- **ENTRIES SHOWN**:
....

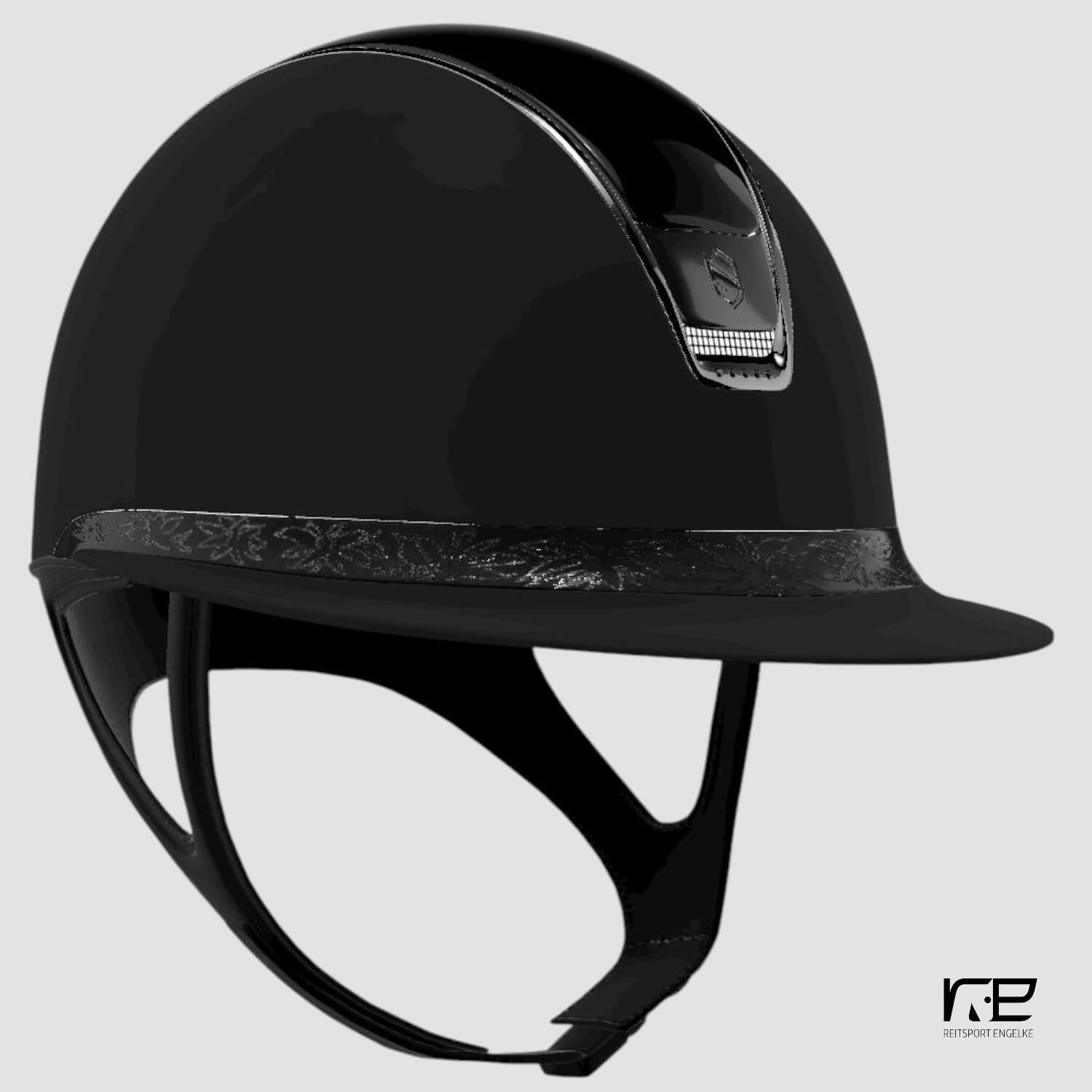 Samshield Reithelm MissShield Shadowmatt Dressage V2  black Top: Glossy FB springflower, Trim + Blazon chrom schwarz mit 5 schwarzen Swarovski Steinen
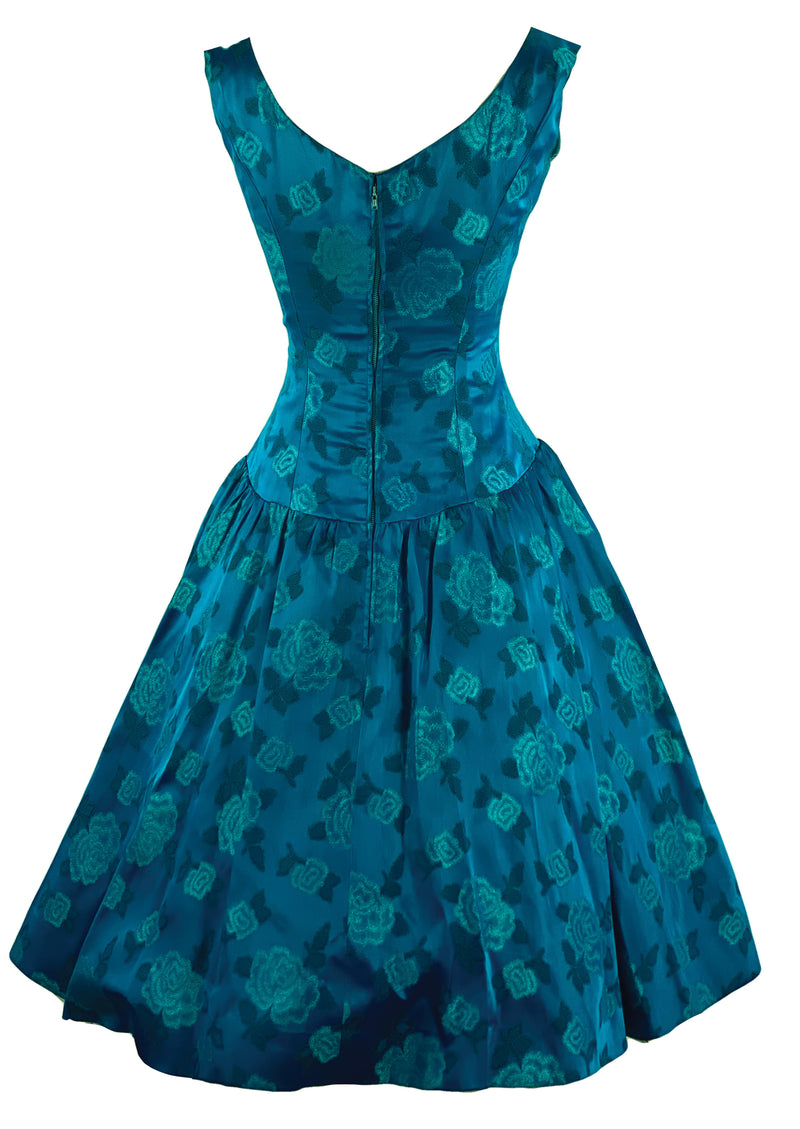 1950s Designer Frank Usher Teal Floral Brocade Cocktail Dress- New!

....

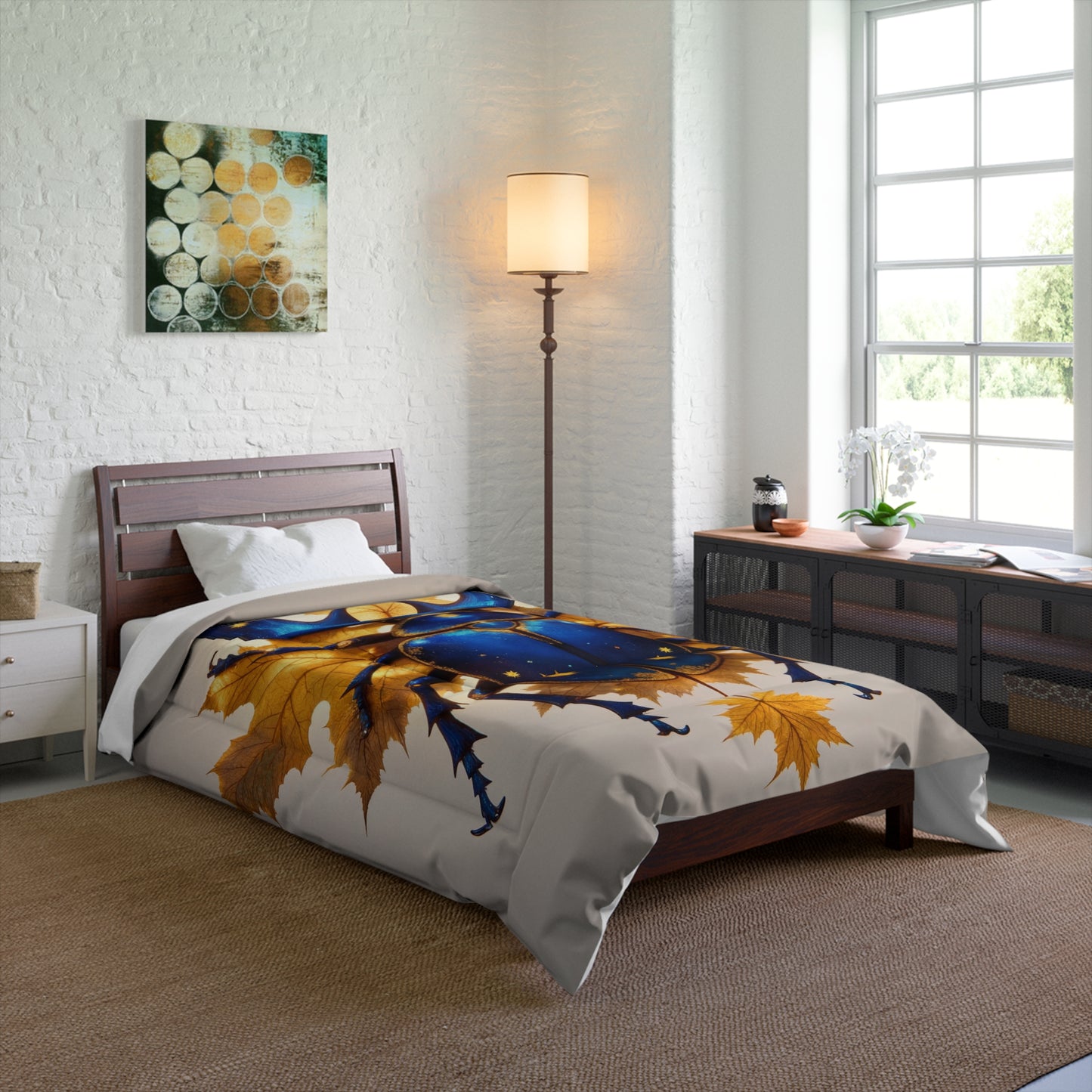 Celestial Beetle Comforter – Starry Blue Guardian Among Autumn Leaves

....

- **YOUR GOAL**: Would you output the lines above from the line holding "Samshield Reithelm MissShield" up to and including the line holding "1950s Designer Frank", exactly and only those, with no pictures?

- **TASK OUTPUT**:
 Samshield Reithelm MissShield Shadowmatt Dressage V2  black Top: Glossy FB springflower, Trim + Blazon chrom schwarz mit 5 schwarzen Swarovski Steinen
 1950s Designer Frank Usher Teal Floral Brocade Cocktail Dress- New!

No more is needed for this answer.